Data Science

Shall We Study Amazon's Pricing Together?

Doc Searls — Tue, 02 Oct 2018 11:30:00 +0000

Is it possible to figure out how we're being profiled online?

This past July, I spent a quality week getting rained out in a series of brainstorms by alpha data geeks at the Pacific Northwest BI & Analytics Summit in Rogue River, Oregon. Among the many things I failed to understand fully there was how much, or how well, we could know about how the commercial sites and services of the online world deal with us, based on what they gather about us, on the fly or over time, as we interact with them.

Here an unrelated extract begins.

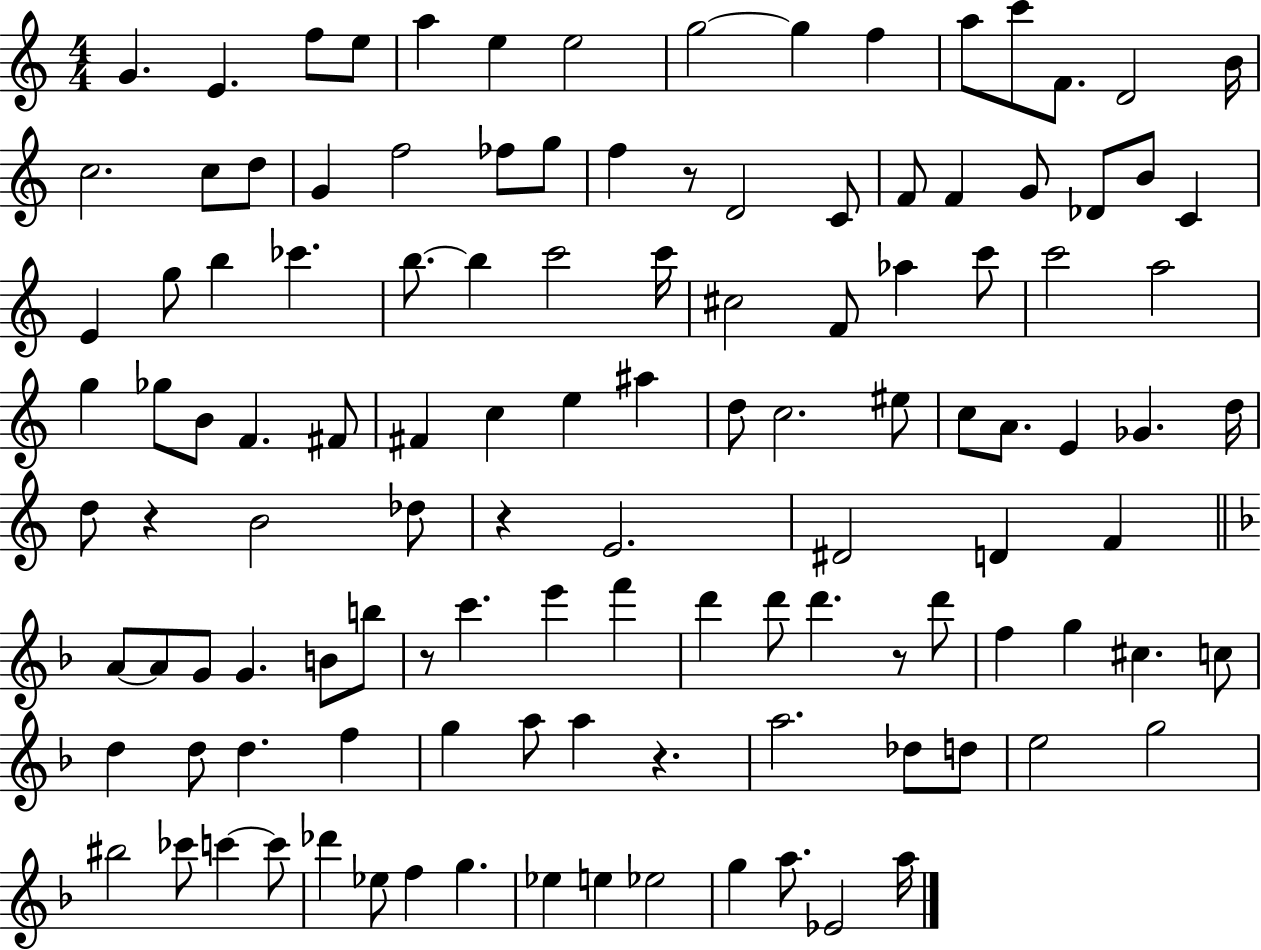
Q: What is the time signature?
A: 4/4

The short answer was "not much". But none of the experts I talked to said "Don't bother trying." On the contrary, the consensus was that the sums of data gathered by most companies are (in the words of one expert) "spaghetti balls" that are hard, if not possible, to unravel completely. More to my mission in life and work, they said it wouldn't hurt to have humans take some interest in the subject.

In fact, that was pretty much why I was invited there, as a Special Guest. My topic was "When customers are in full command of what companies do with their data—and data about them". As it says at that link, "The end of this story...is a new beginning for business, in a world where customers are fully in charge of their lives in the marketplace—both online and off: a world that was implicit in both the peer-to-peer design of the Internet and the nature of public markets in the pre-industrial world."

Obviously, this hasn't happened yet.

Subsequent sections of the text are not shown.